Only last week I was writing here about a Variety review of Kiki and Herb that spoilt many of the jokes and narrative surprises by repeating and revealing them. But Kiki and Herb were only here for one night only, and the proportion of the audience who actually read that Variety review was probably negligible.
But don’t critics have a responsibility to keep the surprise they’ve enjoyed alive by not repeating it in their review when something unexpected happens? There’s a moment – or two – in Nicholas Hytner’s new National Theatre production of Much Ado About Nothing that possibly the biggest, laugh-out-loud funny belly laugh of the year, but it was made all the richer for not expecting it.
In my own review in yesterday’s Sunday Express, I said that “Hytner’s production is unmissable, too, for some big visual laughs that I won’t spoil by describing here: you just have to go — assuming you can get a ticket, that is.” In Charles Spencer’s Daily Telegraph review, he said much the same thing: “The director also has a brilliantly comical coup de theatre up his sleeve in these great scenes of deception.
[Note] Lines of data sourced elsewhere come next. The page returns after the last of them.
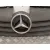 Rejilla Delantera para Mercedes-Benz Vaneo (W414) Furgoneta Compacta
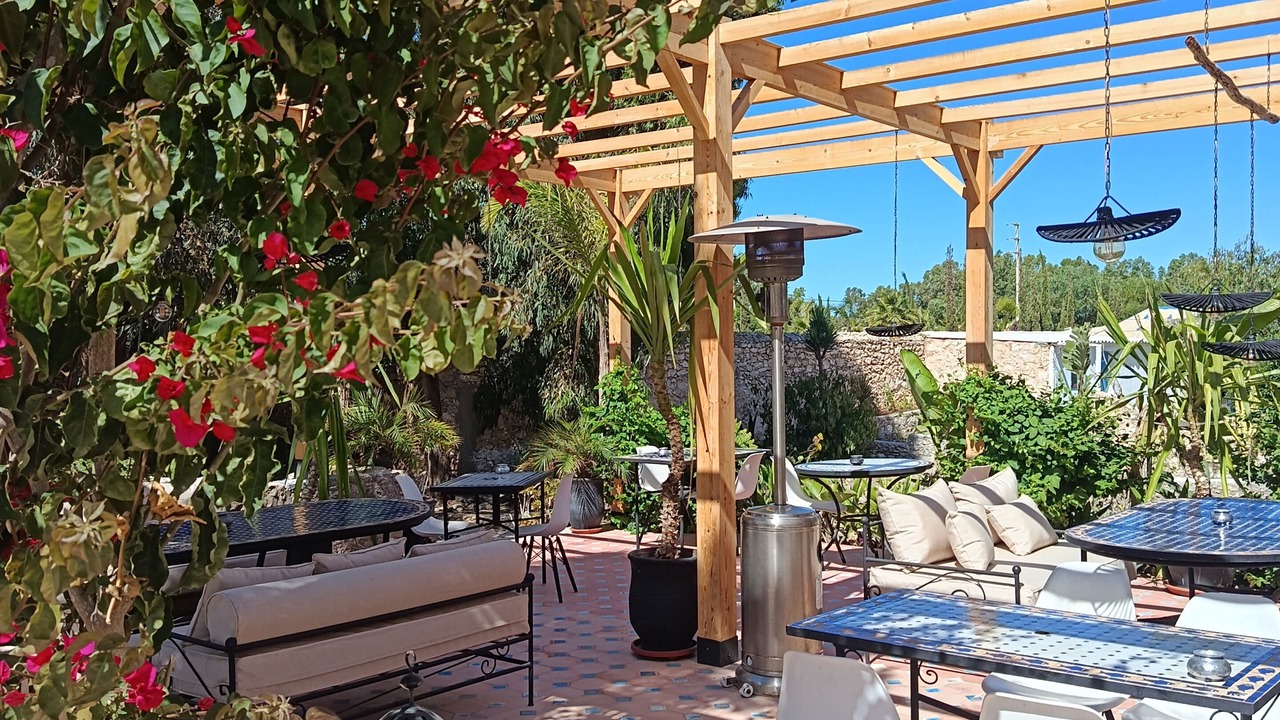 Photo of Outdoor in Ghazoua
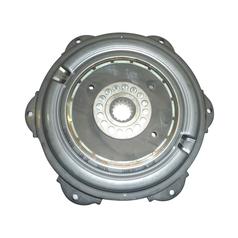 Clutch Damper 1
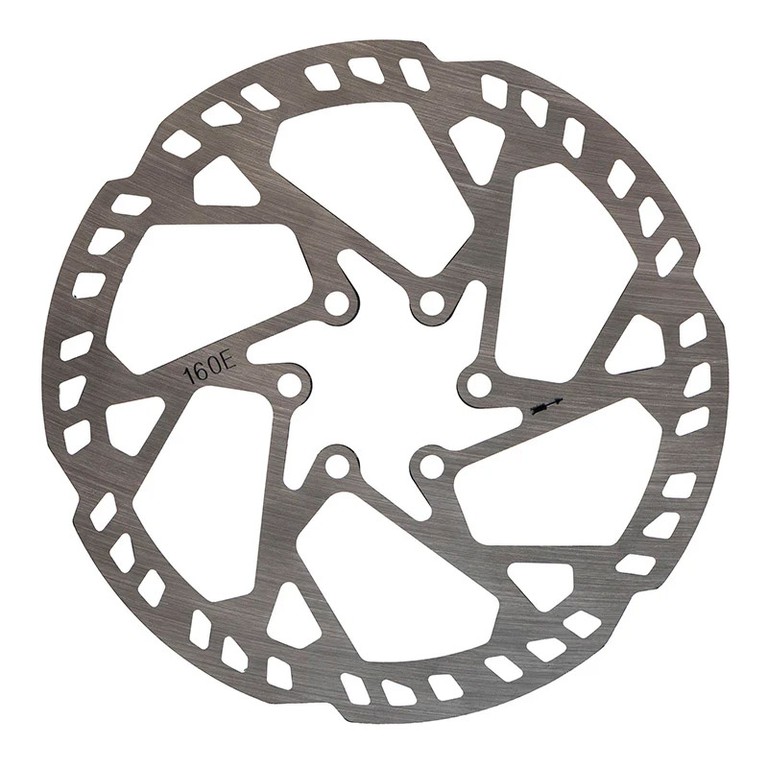 Δισκόπλακα | eWheel | 6 Bolt | 160mm | 2.3mm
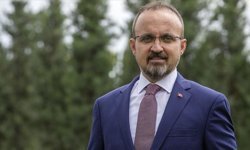 İçişleri Bakan Yardımcısı Bülent Turan, Muhtarın Olmadığı Bir Sistem Düşünülemez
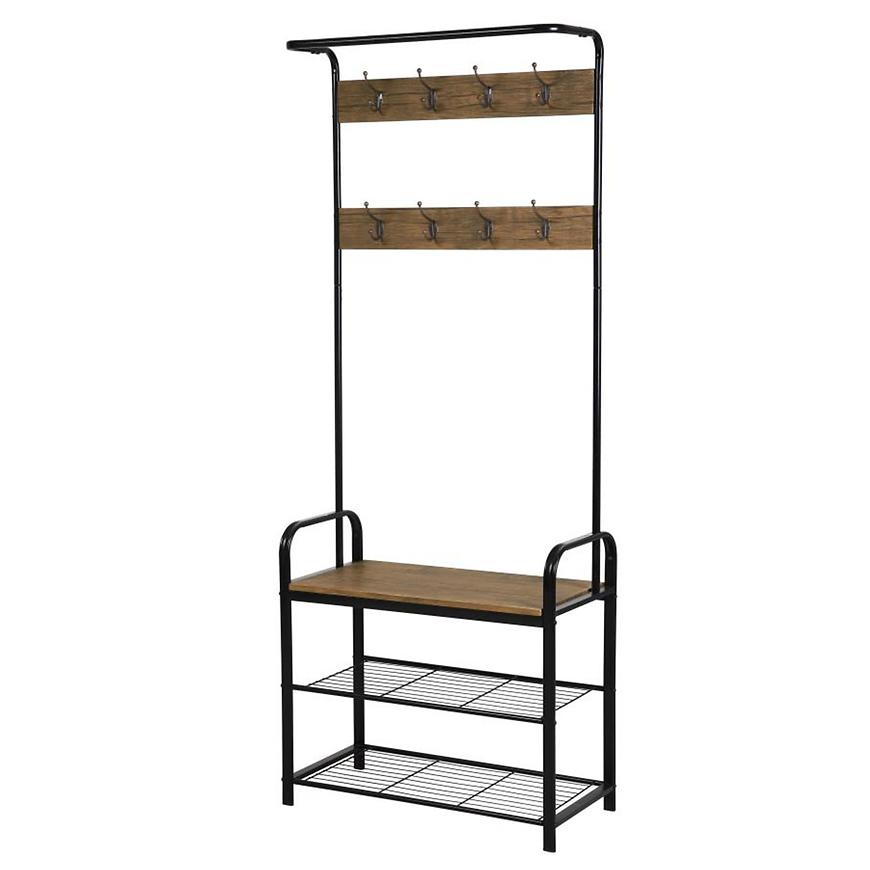 Předsíňová stěna Fremont 21298D vintage Baumax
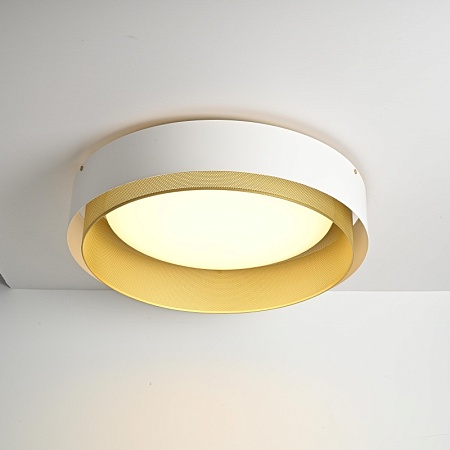 Потолочный Светильник Casing C 62 Белый Imperiumloft 189557-26 - фото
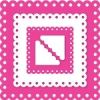 Mosaic Moments - Scallop Dot Mats Dies
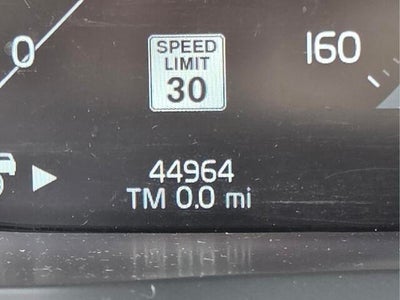 2022 Volvo XC90 Inscription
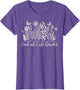 Wildflower End of Life Doula Hospice Nurse Palliative Care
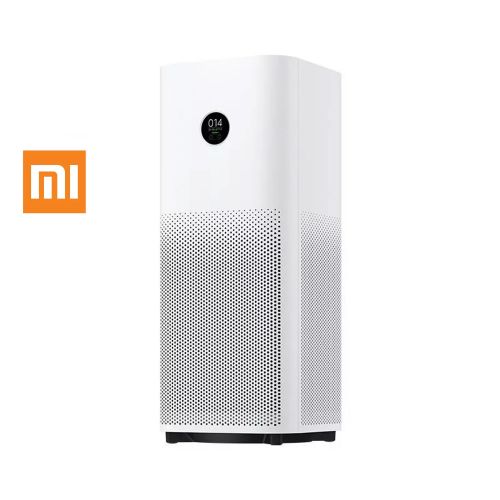 Отдел 2. Очиститель воздуха Xiaomi Mi Air Purifier 4 Pro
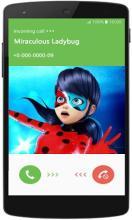 Conversation With Ladybug Miraculous截图2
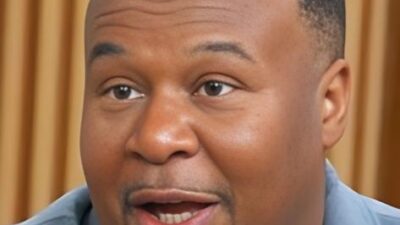 Roy Wood Jr - via ABC News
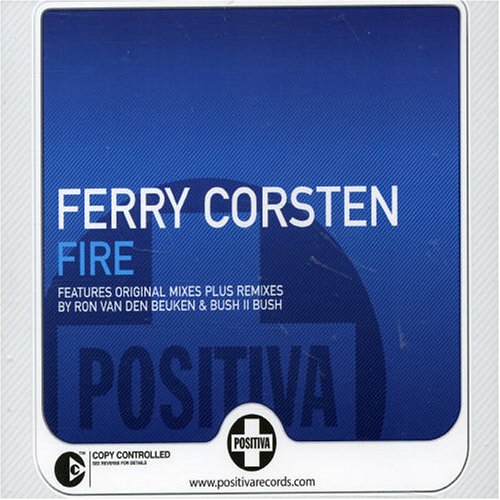 Ferry Corsten - Best Of Disco 1 - Zortam Music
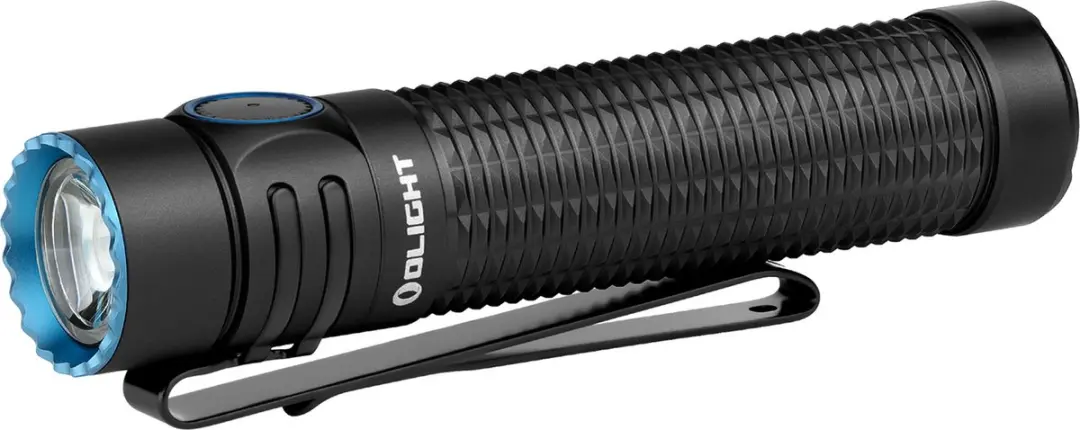 Olight Warrior Mini 3 Oplaadbare Zaklamp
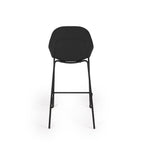Taburete Toby Negro - 5
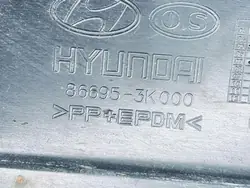 Sous-bâche Hyundai Sonata V d'occasion OEM 866953K000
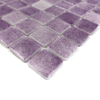 Luxury Recycled Glass Mosaic-JS2521
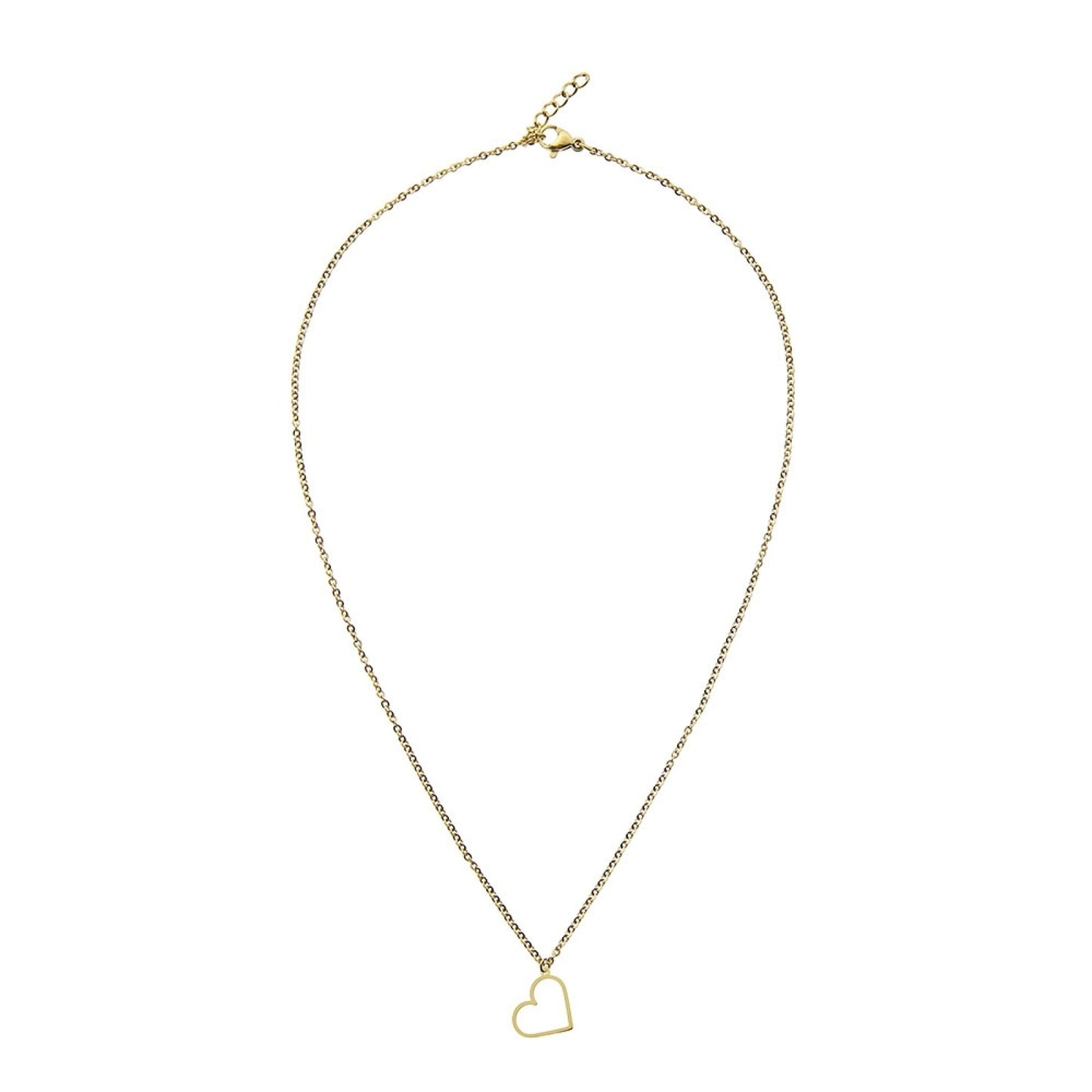 Crystals by HCA-Ketting-Verguld-Hart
I long to describe it but it would be unfair to do so. Suffice it to say that I just hope these two great actors don’t catch colds during the run.”
But there are no such inhibitions to spoiling the surprise in reviews by Paul Taylor in The Independent, Michael Billington in The Guardian, Nicholas de Jongh in the Evening Standard, Benedict Nightingale in The Times, Susannah Clapp in The Observer or David Benedict in Variety (the latter of whom points out a similar effect in Hytner’s Lincoln Center Twelfth Night). In the Independent on Sunday, Kate Bassett gives it away, too, but prefaces the revelation by saying, “Skip the next couple of paragraphs if you’re going to this show and want a surprise”.
This seems to ackowledge the treat in store, but gives it away anyway. I’m only glad that I was able to see it without reading those reviews first! Mind you, it is sometimes impossible to avoid the avalanche of information about a show in advance of seeing it, and catching Anthony Neilson’s God in Ruins, a contemporary re-write of A Christmas Carol on Friday night, some weeks after the opening, I wish I hadn’t known that it the cast had had all of 19 weeks to rehearse it. It made it seem even more desperate as a result; and especially in the light of the Arts Council cuts that are hitting venues up and down the land, remarkably profligate for the RSC to have spent so much time and money on this process for a play that is receiving just a six-week run at Soho Theatre. Of course, you can’t measure artistic achievement against the number of people that see something; less than 3,000 people saw the original Royal Court Theatre Upstairs runs of Sarah Kane’s early plays, yet they have cast a long shadow over the theatre that followed during the 90s.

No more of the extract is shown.